Required action
Without the pictures, output the lines of the material from the very first through the one that holds "Футболка с единорогом".

Data section
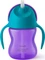 Philips Avent SCF796/02 Strohhalmbecher Trinkbecher, 9+M, 200ml, violett/türkis Vorschaubild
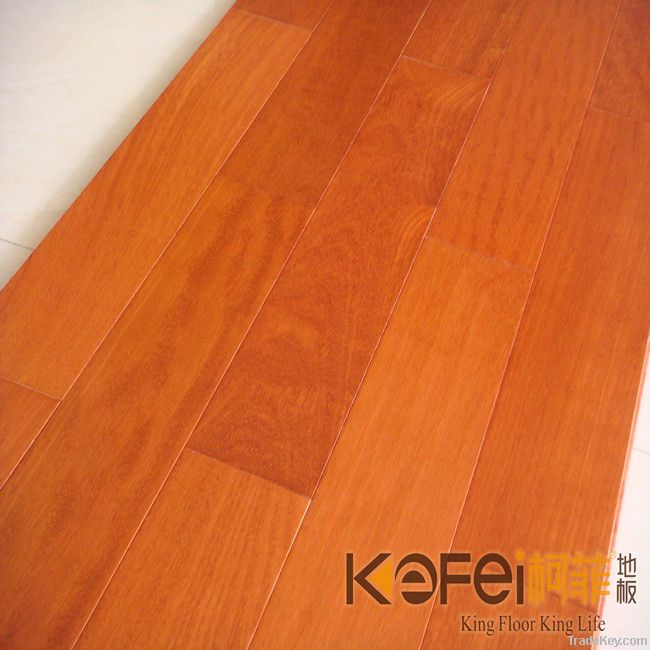 Kempas solid wood flooring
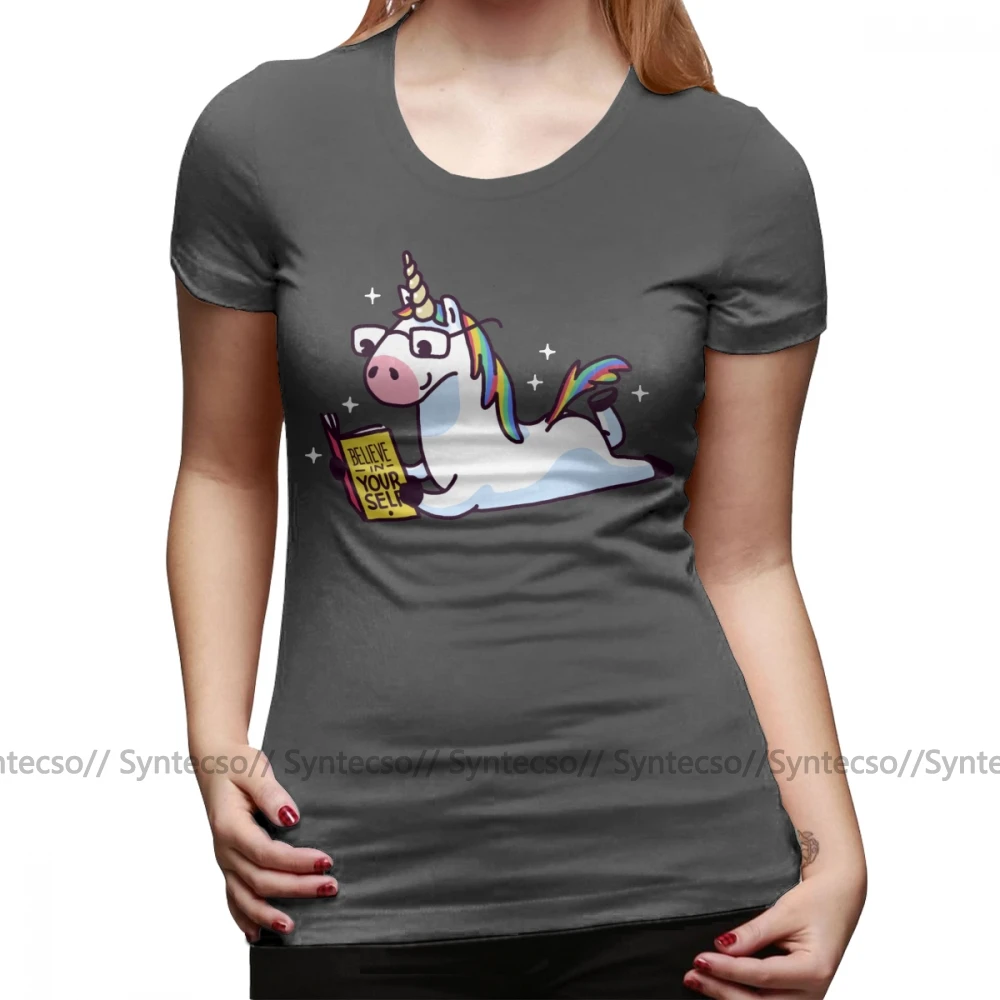 Футболка с единорогом Poop Unicorn Believe In Yourself волшебно сказочная II футболка круглым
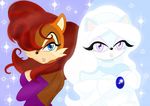  eszra01 female sally_acorn sonic_(series) tagme violet_mink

Task solution
 Philips Avent SCF796/02 Strohhalmbecher Trinkbecher, 9+M, 200ml, violett/türkis Vorschaubild
 Kempas solid wood flooring
 Футболка с единорогом Poop Unicorn Believe In Yourself волшебно сказочная II футболка круглым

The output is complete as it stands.